* **Required action**: Within the lines below, find those that hold the string "hands" and copy each one.

* **Records for the exercise**:
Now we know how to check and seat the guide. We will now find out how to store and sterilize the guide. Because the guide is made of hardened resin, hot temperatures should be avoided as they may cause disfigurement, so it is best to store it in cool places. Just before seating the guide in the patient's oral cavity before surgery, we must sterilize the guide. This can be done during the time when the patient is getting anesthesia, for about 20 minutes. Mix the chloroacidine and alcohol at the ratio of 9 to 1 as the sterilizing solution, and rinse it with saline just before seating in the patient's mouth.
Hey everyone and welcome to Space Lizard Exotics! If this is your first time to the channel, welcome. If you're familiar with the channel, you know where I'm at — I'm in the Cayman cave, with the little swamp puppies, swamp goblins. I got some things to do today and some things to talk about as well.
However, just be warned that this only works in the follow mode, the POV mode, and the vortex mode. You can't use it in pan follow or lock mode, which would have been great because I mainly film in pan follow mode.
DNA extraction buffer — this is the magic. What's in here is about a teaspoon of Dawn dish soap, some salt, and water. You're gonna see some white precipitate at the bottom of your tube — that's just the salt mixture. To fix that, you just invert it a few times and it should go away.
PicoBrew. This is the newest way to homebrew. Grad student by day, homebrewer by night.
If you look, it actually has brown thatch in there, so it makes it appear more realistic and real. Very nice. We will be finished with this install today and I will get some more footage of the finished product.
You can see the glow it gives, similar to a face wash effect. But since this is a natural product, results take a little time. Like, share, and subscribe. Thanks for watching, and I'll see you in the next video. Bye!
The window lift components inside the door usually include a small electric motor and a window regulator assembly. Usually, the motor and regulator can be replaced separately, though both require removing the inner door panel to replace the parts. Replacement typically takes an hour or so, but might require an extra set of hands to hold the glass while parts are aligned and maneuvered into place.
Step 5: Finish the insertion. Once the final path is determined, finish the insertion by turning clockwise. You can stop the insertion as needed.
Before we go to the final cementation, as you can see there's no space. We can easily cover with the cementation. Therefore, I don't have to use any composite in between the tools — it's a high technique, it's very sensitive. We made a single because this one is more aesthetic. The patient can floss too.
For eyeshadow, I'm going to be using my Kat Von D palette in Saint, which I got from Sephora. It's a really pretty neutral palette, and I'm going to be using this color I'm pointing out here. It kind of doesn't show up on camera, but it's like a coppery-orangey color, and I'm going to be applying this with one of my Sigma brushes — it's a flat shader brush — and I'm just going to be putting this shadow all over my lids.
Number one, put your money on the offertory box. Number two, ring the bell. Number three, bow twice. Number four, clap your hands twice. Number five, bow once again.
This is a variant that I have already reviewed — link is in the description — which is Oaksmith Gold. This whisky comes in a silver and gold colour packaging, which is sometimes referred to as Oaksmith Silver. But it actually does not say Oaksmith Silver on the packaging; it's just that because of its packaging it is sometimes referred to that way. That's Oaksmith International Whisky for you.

* **Exercise output**:
The window lift components inside the door usually include a small electric motor and a window regulator assembly. Usually, the motor and regulator can be replaced separately, though both require removing the inner door panel to replace the parts. Replacement typically takes an hour or so, but might require an extra set of hands to hold the glass while parts are aligned and maneuvered into place.
Number one, put your money on the offertory box. Number two, ring the bell. Number three, bow twice. Number four, clap your hands twice. Number five, bow once again.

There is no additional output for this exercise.